En este sentido, voceros aseguraron que la mamá —quien tenía a su cargo al chico en el momento de la muerte— no tenía denuncias oficiales por maltratos, tal como asegura la familia paterna. "El único de todos los actores que tenía denuncia de violencia era el padre biológico", sostuvieron fuentes judiciales.
El derrotero del niño incluyó múltiples intervenciones del Servicio de Protección de Derechos y de los equipos técnicos interdisciplinarios. La información oficial detalla que la Justicia actuó en base a alertas previas mediante medidas concretas y que "ya se había dictado prohibición de acercamiento contra el padre en dos oportunidades y contra la madrastra".
Ese último punto fue reconocido por Lorena, pareja del papá de Ángel, quien aseguró que durante tres meses no pudieron acercarse al niño y no tuvieron noticias sobre su paradero.
Las denuncias cruzadas y los cambios de guarda
A mediados del año pasado, según señalaron fuentes judiciales, la pareja del padre amplió una denuncia por violencia y maltrato. En esa instancia, la mujer aseguró que el hombre golpeaba al pequeño y admitió tener mucho miedo por los problemas de adicción de su pareja. Frente a este escenario, los juzgados intervinientes le otorgaron temporalmente la guarda del menor a la madrastra y dictaron una restricción contra el progenitor.
La madre biológica del niño, por su parte, transitaba otro proceso paralelo. En un primer momento la Justicia evaluó una posible negligencia luego de que ella se mudara a la provincia de Córdoba, aunque al regresar a la ciudad petrolera comenzó un esquema de revinculación progresiva con su hijo.
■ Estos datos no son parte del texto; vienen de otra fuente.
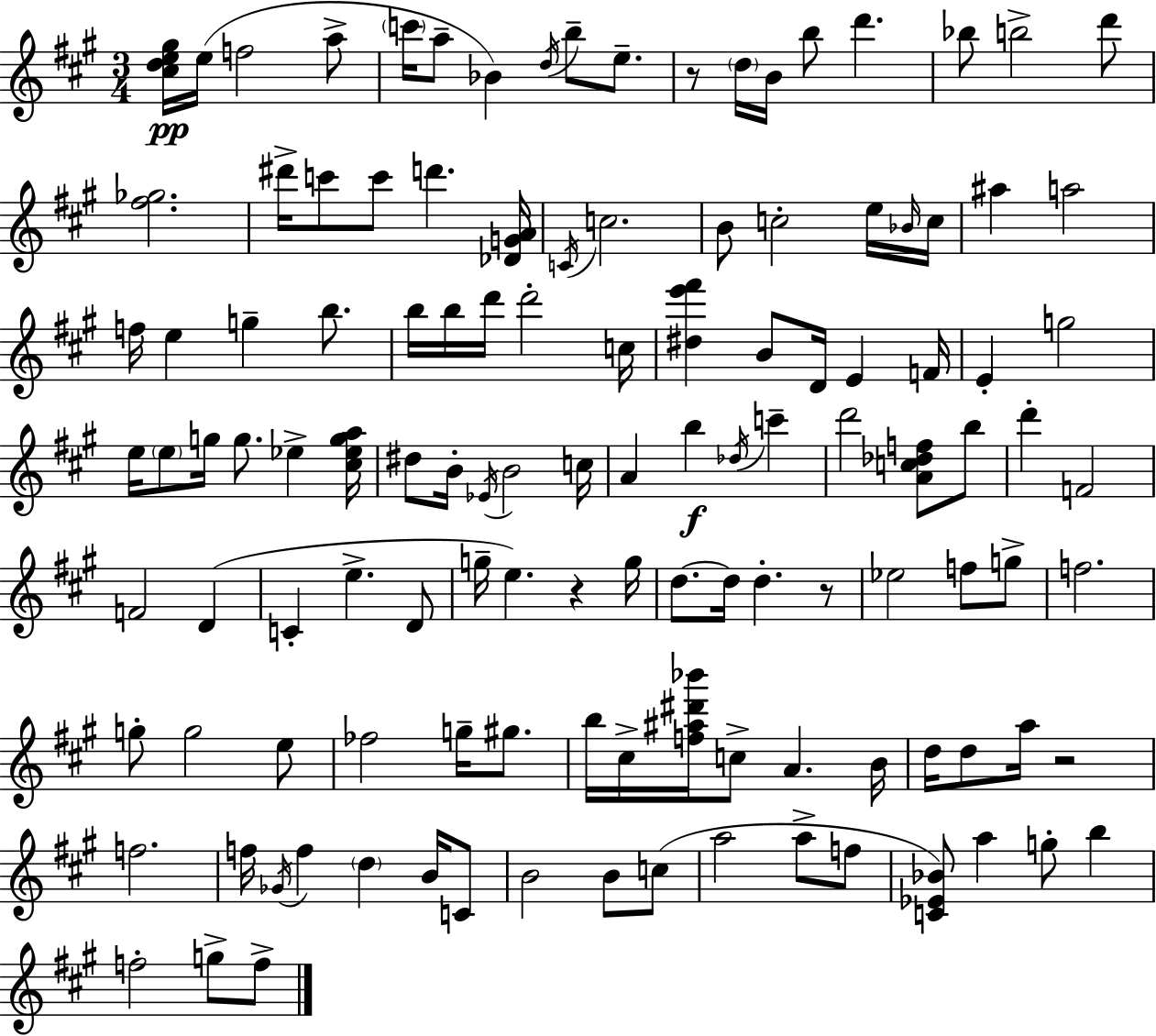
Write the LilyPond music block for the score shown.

{
  \clef treble
  \numericTimeSignature
  \time 3/4
  \key a \major
  <cis'' d'' e'' gis''>16\pp e''16( f''2 a''8-> | \parenthesize c'''16 a''8-- bes'4) \acciaccatura { d''16 } b''8-- e''8.-- | r8 \parenthesize d''16 b'16 b''8 d'''4. | bes''8 b''2-> d'''8 | \break <fis'' ges''>2. | dis'''16-> c'''8 c'''8 d'''4. | <des' g' a'>16 \acciaccatura { c'16 } c''2. | b'8 c''2-. | \break e''16 \grace { bes'16 } c''16 ais''4 a''2 | f''16 e''4 g''4-- | b''8. b''16 b''16 d'''16 d'''2-. | c''16 <dis'' e''' fis'''>4 b'8 d'16 e'4 | \break f'16 e'4-. g''2 | e''16 \parenthesize e''8 g''16 g''8. ees''4-> | <cis'' ees'' g'' a''>16 dis''8 b'16-. \acciaccatura { ees'16 } b'2 | c''16 a'4 b''4\f | \break \acciaccatura { des''16 } c'''4-- d'''2 | <a' c'' des'' f''>8 b''8 d'''4-. f'2 | f'2 | d'4( c'4-. e''4.-> | \break d'8 g''16-- e''4.) | r4 g''16 d''8.~~ d''16 d''4.-. | r8 ees''2 | f''8 g''8-> f''2. | \break g''8-. g''2 | e''8 fes''2 | g''16-- gis''8. b''16 cis''16-> <f'' ais'' dis''' bes'''>16 c''8-> a'4. | b'16 d''16 d''8 a''16 r2 | \break f''2. | f''16 \acciaccatura { ges'16 } f''4 \parenthesize d''4 | b'16 c'8 b'2 | b'8 c''8( a''2 | \break a''8-> f''8 <c' ees' bes'>8) a''4 | g''8-. b''4 f''2-. | g''8-> f''8-> \bar "|."
}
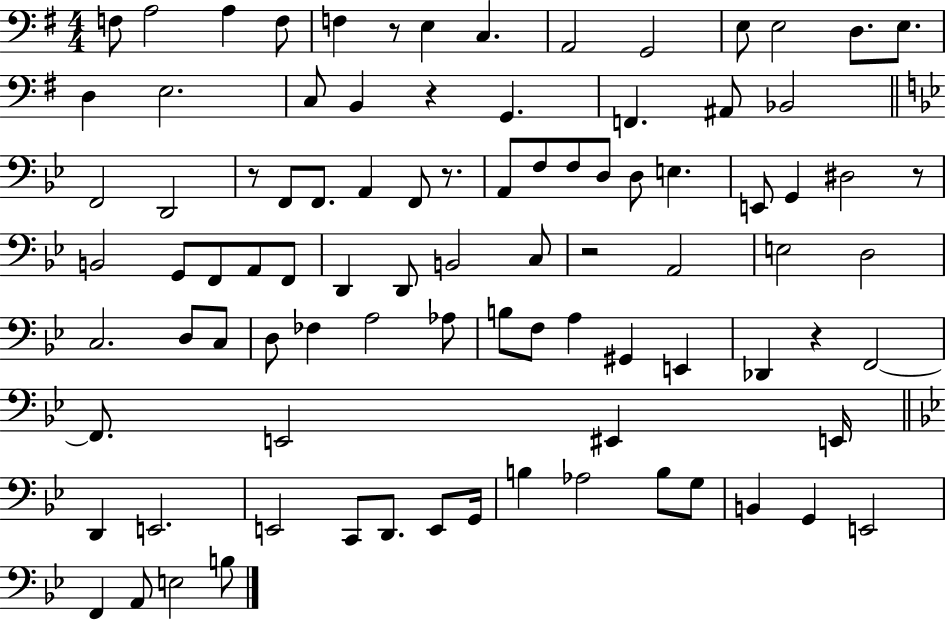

Restitución a la madre y vencimiento de medidas
Durante esa etapa surgieron nuevos conflictos debido a que la madrastra empezó a obstaculizar el contacto materno y a oponerse a las directivas judiciales. Ante esta resistencia, el 4 de noviembre pasado la Asesoría de Familia decidió restituirle la guarda a la madre biológica y amplió las medidas de protección. Los informantes detallaron que en esa fecha se dictó una nueva restricción contra la madrastra, la cual se sumó a la prohibición que ya pesaba sobre el padre del niño.
Estas limitaciones legales tenían vigencia estricta hasta el mes de febrero. Al caducar los plazos sin que se presentaran nuevas denuncias de ninguna de las partes, el vínculo del niño con la familia paterna se reanudó. Las fuentes judiciales consultadas indicaron que no existía ninguna ilegalidad en ese contacto reciente y que el menor interactuaba con ambos sectores sin violar ninguna orden vigente.
El vacío de alertas institucionales
Un punto que genera especial atención en los tribunales es la falta de notificaciones preventivas en las semanas previas al desenlace fatal. Aunque tras el fallecimiento circularon diversas versiones sobre presuntos golpes advertidos en el ámbito escolar o en el jardín, los registros confirman el vacío de información oficial. Desde la sede judicial subrayaron que "nada se comunicó a los equipos técnicos interdisciplinarios ni al Juzgado de Familia" antes de la tragedia.
Con todo el entramado de Familia sobre la mesa, la investigación sobre las horas críticas avanza de manera hermética en el terreno penal bajo la órbita del Ministerio Público Fiscal, el órgano encargado de determinar las responsabilidades directas sobre los golpes que terminaron con la vida del pequeño Ángel. Las primeras pericias forenses realizadas sobre el cuerpo del menor detectaron la presencia de lesiones internas en la cabeza.